Джалиль был, безусловно, очень большой поэт. Но я, поскольку читал его только в переводах (а по-татарски кто его, собственно, и читал-то, кроме соплеменников)… Переводили его, правда, классно. Но, конечно, Джалиль – это пример творческого подвига. И не только «Моабитская тетрадь». Очень многие стихи. Он начинал блистательно, кстати, его, по-моему, переводил Багрицкий.
Он, конечно, состоялся только перед войной, а шедевры настоящие написал только в Моабите. И чудом сохранились эти книги, когда он там написал: «Я известный татарскому народу поэт Муса Джалиль, передайте эти рукописи». И их передали, спасли. Он действительно был поэт с задатками великого. Но «Моабитская тетрадь» – это пример работы с таким материалом, на котором вообще стихи писать нельзя.

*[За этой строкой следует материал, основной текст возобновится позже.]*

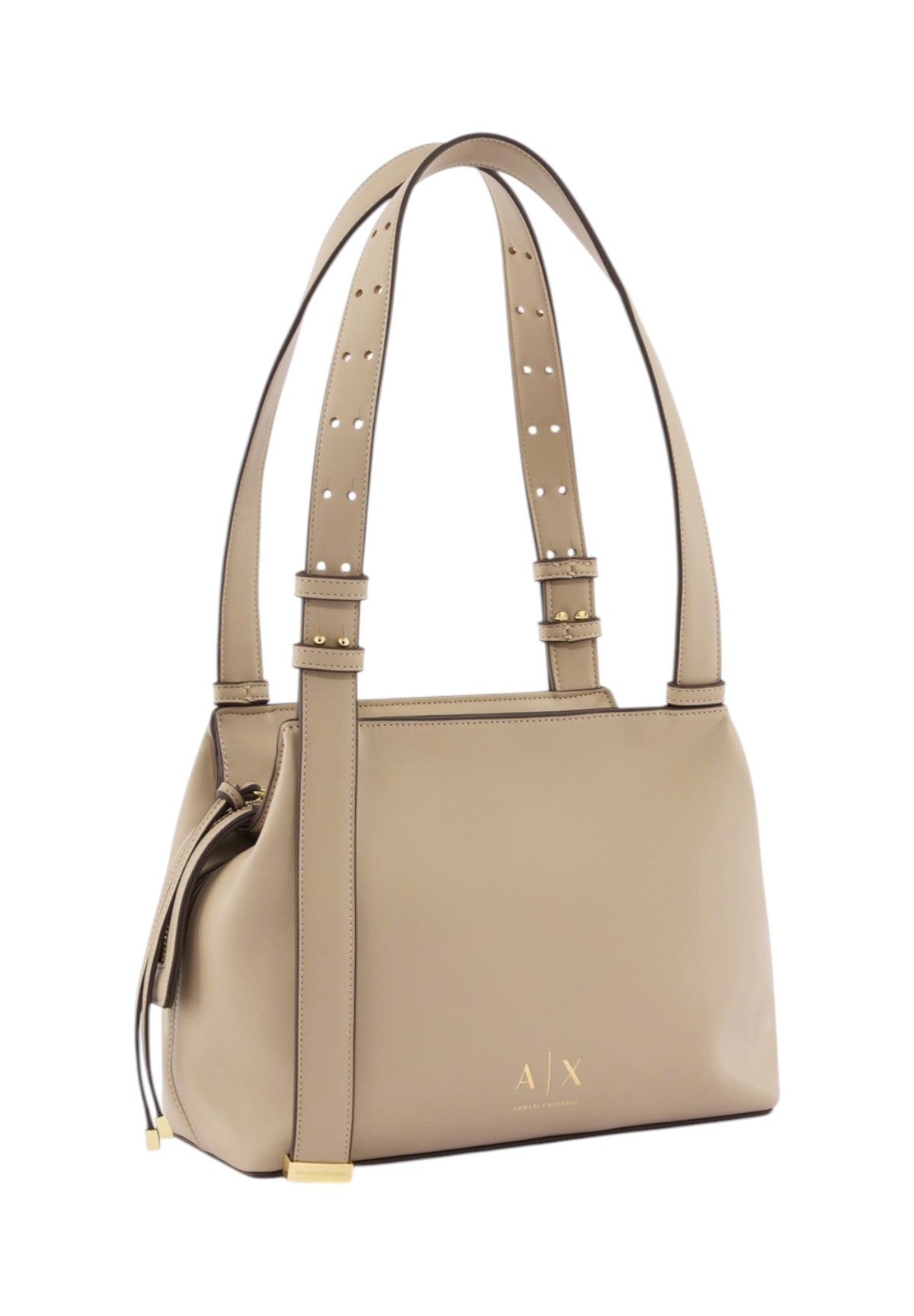 Borsa a Tracolla XW002604 Sand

Я думаю, было два великих лагерных поэта – Юрий Грунин и Муса Джалиль. Грунин со своей «Пеленой плена», а Джалиль со своей «Моабитской тетрадью». Тем более что Грунин сумел написать хронику не только нацистского, но и советского лагеря. Юрий Васильевич Грунин – великий поэт, да. И Муса Джалиль – да, безусловно. Это поэты, которые в нечеловеческих условиях, в аду («Орфей в аду») продолжали писать. Это невероятно.